PROBLEM TO SOLVE.
Beginning at the line that holds "Friday & Saturday" and continuing to the last line of the data below, transcribe every line word for word, without pictures.

DATASET SECTION.

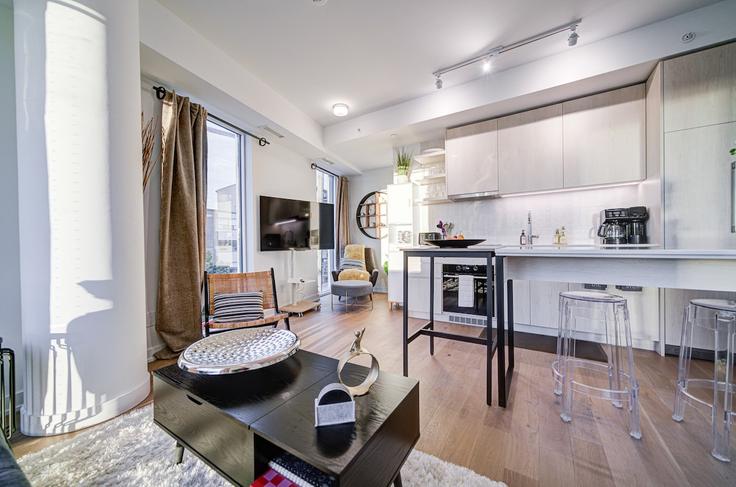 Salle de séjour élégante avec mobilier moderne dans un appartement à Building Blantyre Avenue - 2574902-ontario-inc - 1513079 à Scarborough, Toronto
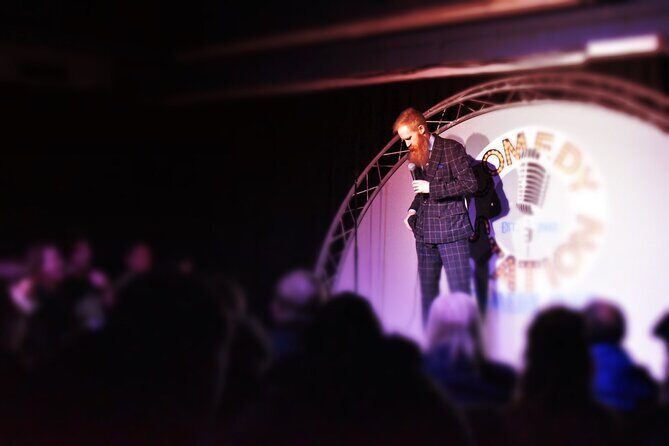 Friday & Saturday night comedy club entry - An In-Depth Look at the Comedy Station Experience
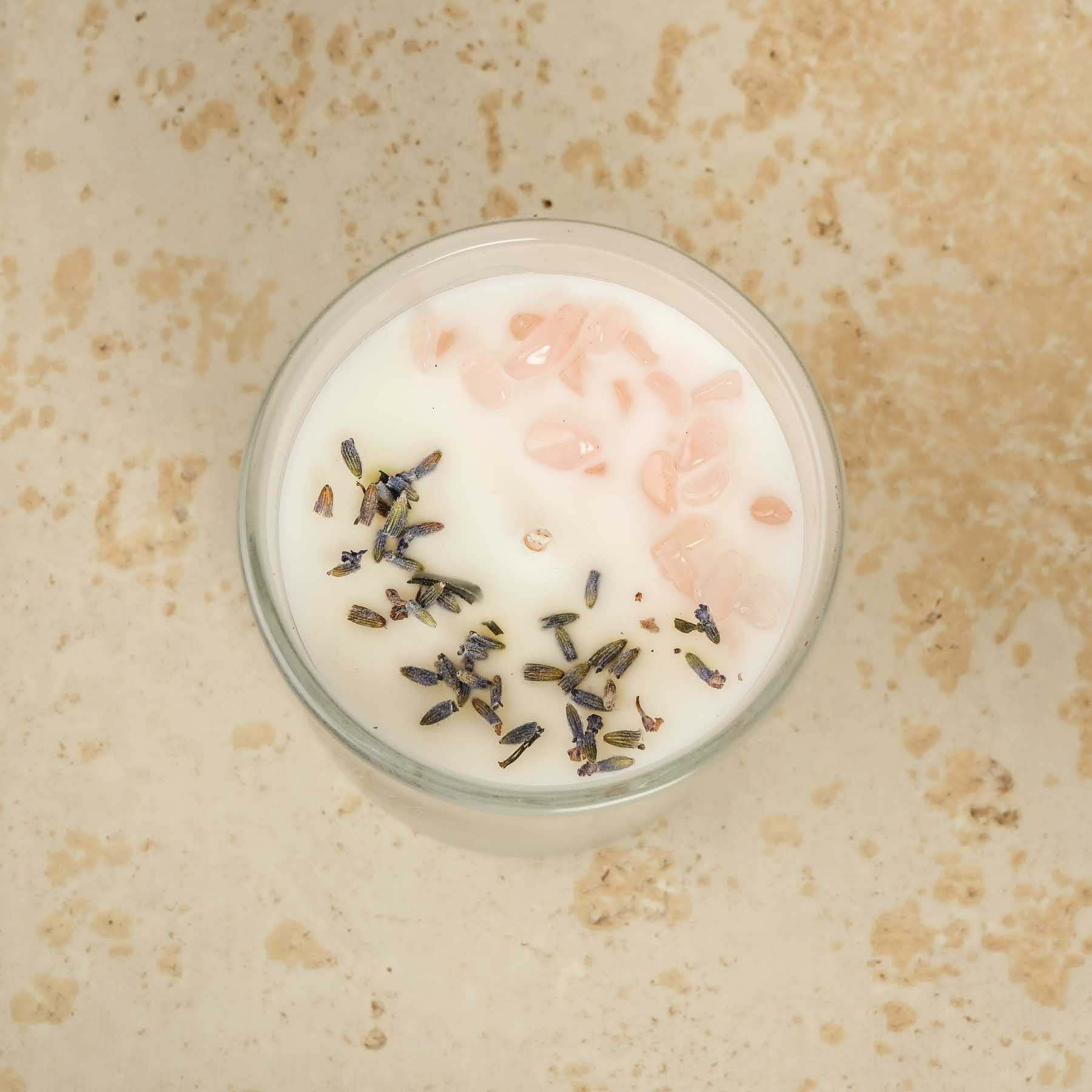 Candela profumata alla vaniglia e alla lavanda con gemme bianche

FINISHED EXERCISE.
 Friday & Saturday night comedy club entry - An In-Depth Look at the Comedy Station Experience
 Candela profumata alla vaniglia e alla lavanda con gemme bianche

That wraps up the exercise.